- A família de Lisa Semple, de 58 anos, busca um doador anônimo de células-tronco na Polônia para um segundo transfusão, visando recuperação total.
- Lisa foi tratada de leucemia no ano passado com um transplante de células-tronco de um adolescente, doador que já fez a doação em 13 outubro de 2025.

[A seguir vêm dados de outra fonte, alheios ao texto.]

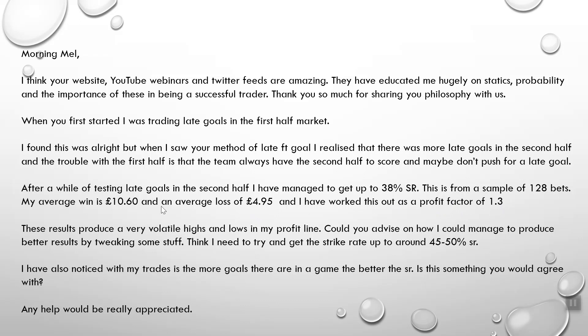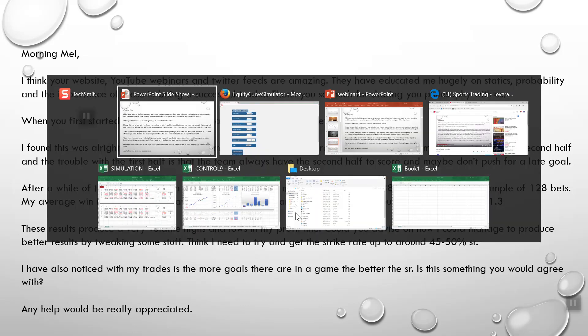What I should have been using was 2.14 because the average win is 2.14 times greater than the loss. So what I wanted to do was just plug it in now.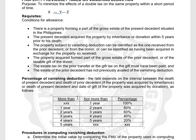The percentage of vanishing deduction varies depending on the year interval, but the property must have been acquired within five years. If not more than one year, the deduction is 100%. One to two years: 80%. Two to three years: 60%. Three to four years: 40%. Four to five years: 20%. If more than five years, the vanishing deduction cannot be claimed.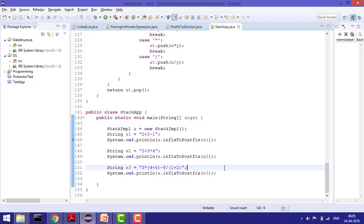For s3, first it will solve whatever is in the brackets. So first it solves 4 plus 5 which is 9, then 9 times 3 giving 27. Similarly it will solve 1 plus 2 which is 3, and then 6 divided by 3 which is 2. So the final answer is 27 minus 2, which is 25.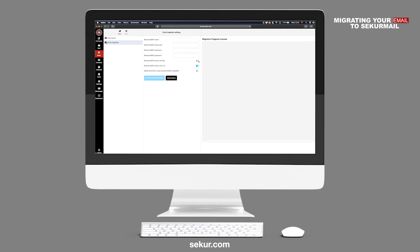Select the corresponding switches if the remote IMAP server uses SSL or TLS. Once all required information has been entered, you may press the Start Email Migration button.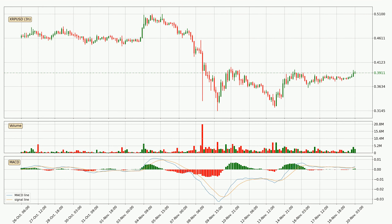Moving to the three hourly MACD, the MACD line is above the signal line, meaning that the trend is currently on the up. The MACD histogram shows that the momentum is currently strong and it could be expected for the price to go further to the upside.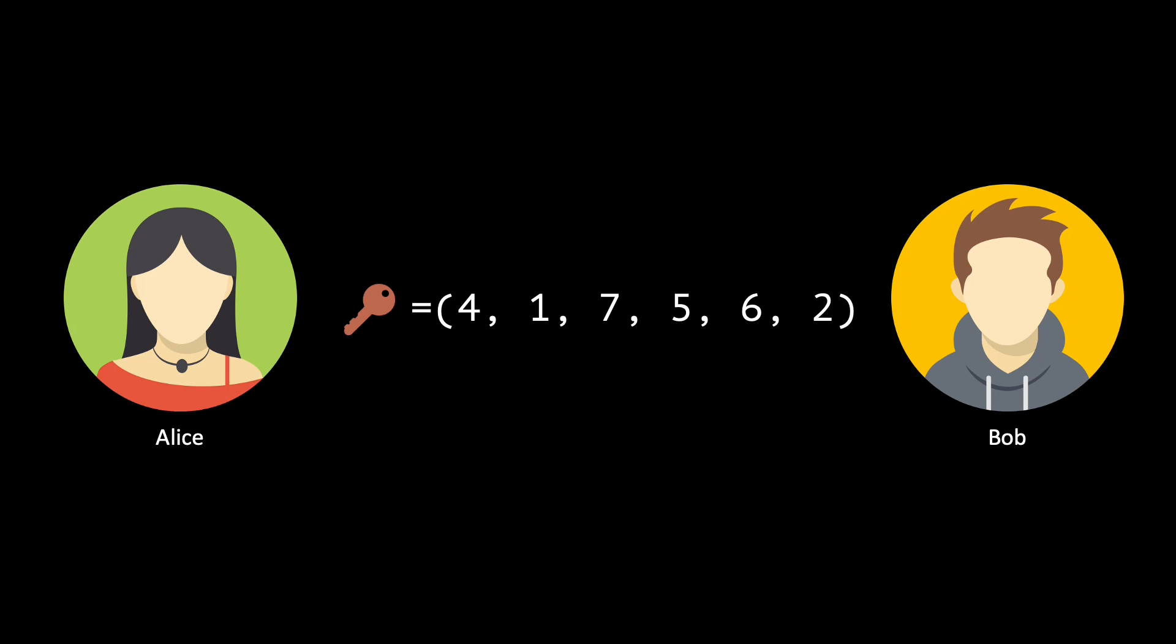Let's assume that these are 4, 1, 7, 5, 6, and 2. This encryption scheme is known as One Time Pad.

- Os quatro filhos foram testados, mas nenhum foi compatível; o hospital então dependerá de um doador não relacionado.
- A família considera que a melhor chance de recuperação é uma doação de linfócitos do doador (donor lymphocyte infusion, DLI), mas o registro não conseguiu localizar o adolescente que doou anteriormente.
- DKMS, instituição que mantém o registro de doadores, afirmou que o anonimato é importante para proteger doadores e pacientes; a família mantém apelo público para tentar contato com o adolescente.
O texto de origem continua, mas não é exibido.